Un arrêt technique pour entretien ou un incident survenu en cours de route ne devrait plus entraîner un arrêt total de la production, a-t-il insisté à dire, avant de revenir sur l’avantage qu’il y a avec les nouvelles stations qui sont conçues pour assurer une production continue même durant les phases d’arrêts techniques ou pour résoudre des problèmes liés à des incidents divers, les opérations d’entretien se faisant par parties avec la compartimentation des processus de production.

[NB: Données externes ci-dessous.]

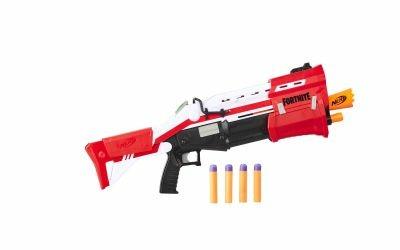 Nerf Fortnite TS - 5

Dans sa globalité, le projet comporte également une partie aval avec près d’une cinquantaine de km de canalisation ainsi que deux grands réservoirs de capacité allant respectivement de 30 000 à 50 000 m3. L’équipe appelée à gérer l’usine bénéficiera d’une formation adéquate sur site au fur et à mesure de l’arrivée des équipements.
Des consignes ont d’ores et déjà été données pour gérer l’acquisition des membranes filtrantes qui représentent le cœur du processus de production d’eau potable. Pour Cap Blanc, il en faut 2500 mais si celles-ci peuvent être sujettes à l’entretien, il faut en revanche se préparer à terme à en changer entre 10% à 15% chaque année.
Le marché actuel est tel que les délais de livraison sont de 6 mois, avait-on prévenu. Il faudra donc s’y prendre à l’avance, tout en anticipant la période car le matériel est particulièrement sensible et ne s’accommode pas avec le stockage sinon, au besoin mais pas pour longtemps, pas plus de 22° C, apprend-on.
Une perturbation du marché et les déconvenues seront inévitables. Cet aspect renforce la notion de dépendance et c’est ce que les gestionnaires de la future station gagneront justement à éviter, comme il a été promis encore une fois, de régler définitivement le problème de l’eau potable à Oran.